Theme



So, not to brag or anything, but God has been talking to me a lot lately.  Not like an audible voice, or even via email, but I’m getting his message loud and clear.  The best way I can describe it is when a thought enters your mind quicker than you could think it.  I also feel like saying, “I’m getting it, God!!” when there seems to be the same theme everywhere I turn.  Lately that theme has been chaos.

Have you ever felt life getting comfortable, and as soon as you realize it - you worry that it’s “The Calm before the Storm?”  That’s how I’ve been feeling lately - except that I’m not worried, I’m happily anticipating what’s next to come…  
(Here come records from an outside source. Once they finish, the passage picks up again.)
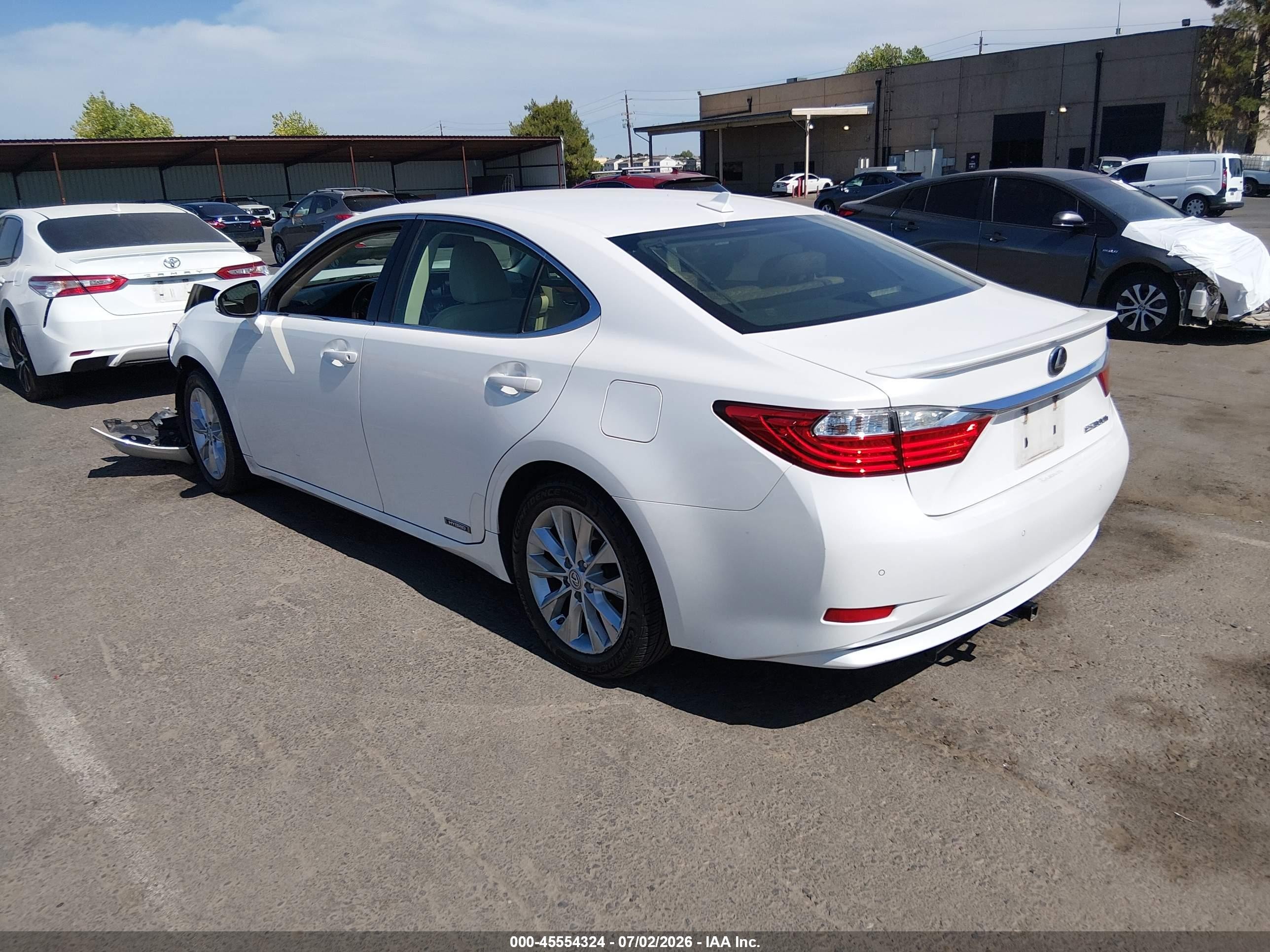 2014 Lexus Es 300h   White vin: JTHBW1GG8E2074177
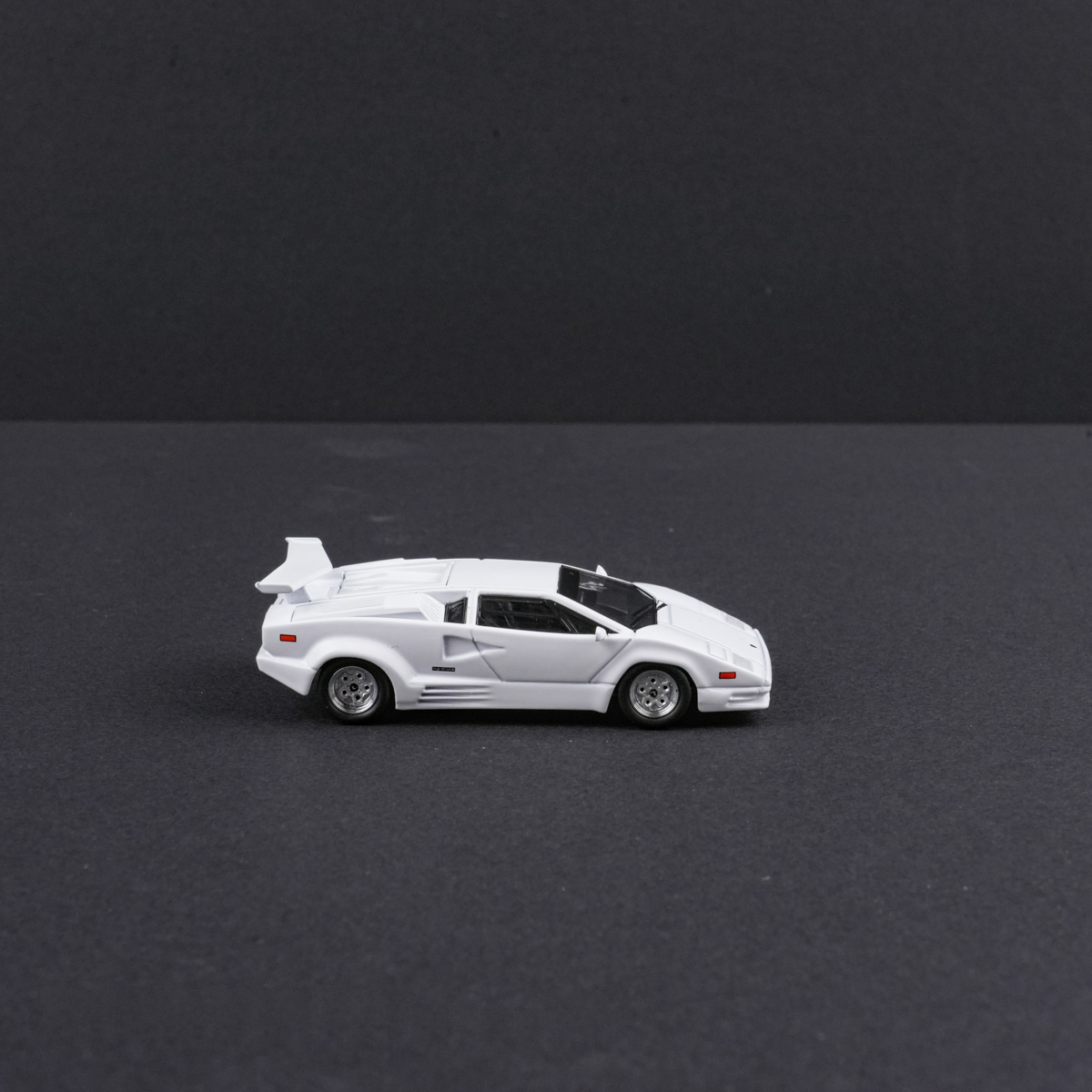 ლამბორგინი Countach 25th Anniversary თეთრი ხედი 5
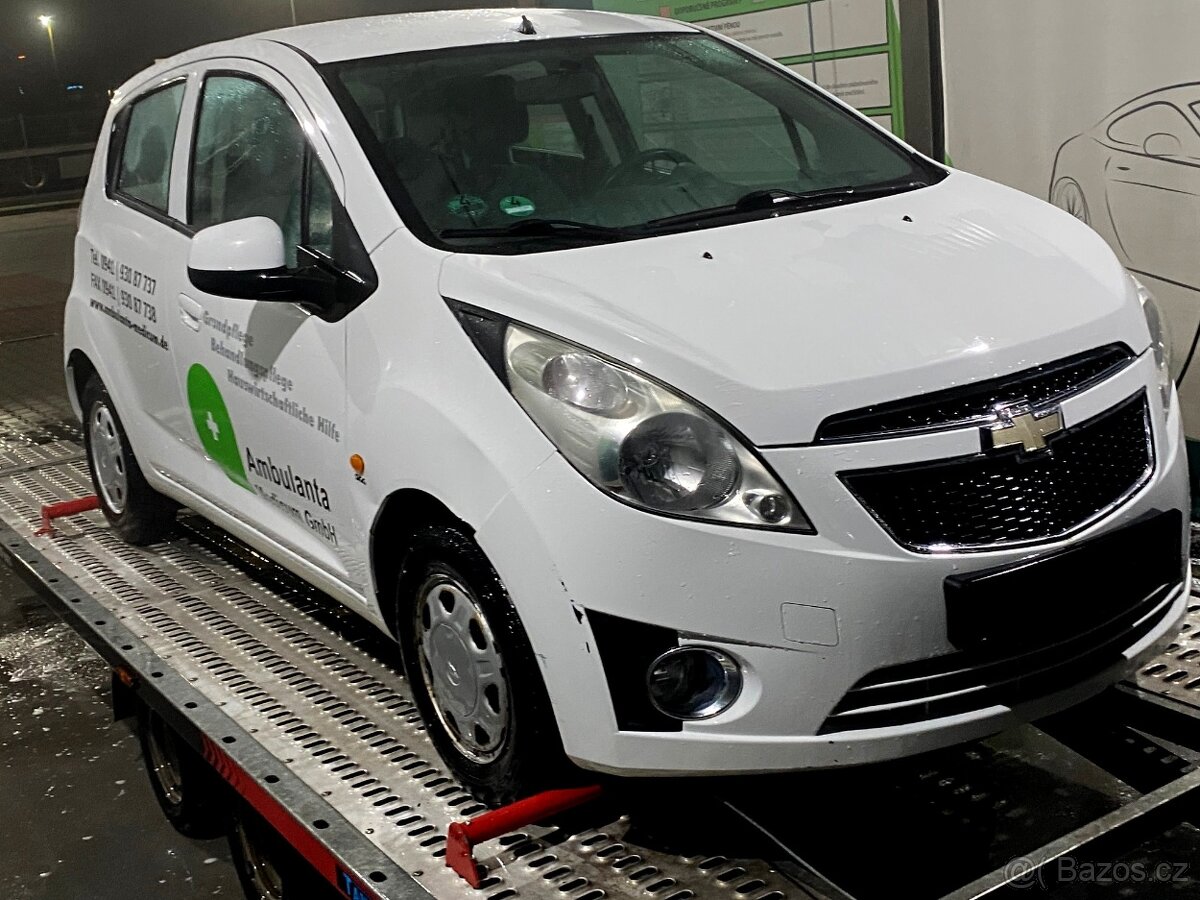 Chevrolet Spark 1.0L RV 2011 poškozaný - 2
I’ve come to the realization that a comfortable life is nothing to strive for.  I mean this in every way possible.  Financially, Jesus said “Blessed are you who are poor, for yours is the kingdom of God,” Luke 6:20.  And to those who are grieving, He reminds us that “God blesses those who mourn, for they will be comforted,” Matthew 5:4.  

You see, being comfortable leaves you feeling like not only are you the one in control, but that you are doing a pretty swell job.  That’s the opposite of how I want to live my life.  I’m literally trying to get more chaos into my life!  I realize how crazy that sounds, especially in our selfish culture, but lately it’s become so obvious that if anything is of this world, it is not where God wants me to be.

I want to rely so heavily on Jesus, that the chaos causes me to be in constant communication with Him.  I want to live the lyrics from the song "Beautiful Things" I just heard on Sunday, “Out of chaos, life is being found in You.”  Thank you, Michael Gungor, for yet another reminder of this theme.

I think that’s why people who have gone through horrific situations secretly wish they were right back there.  Have you heard of this phenomenon?  Missionaries who were being persecuted, a son watching over an ill grandparent during the final days, a mom carrying a baby she knows will pass away.  There are things that happen in our lives that force us into this stronger relationship, and not all of them are that severe.  Wherever you find yourself today, I pray you have just the right amount of chaos to get out of “self” and poured into Him.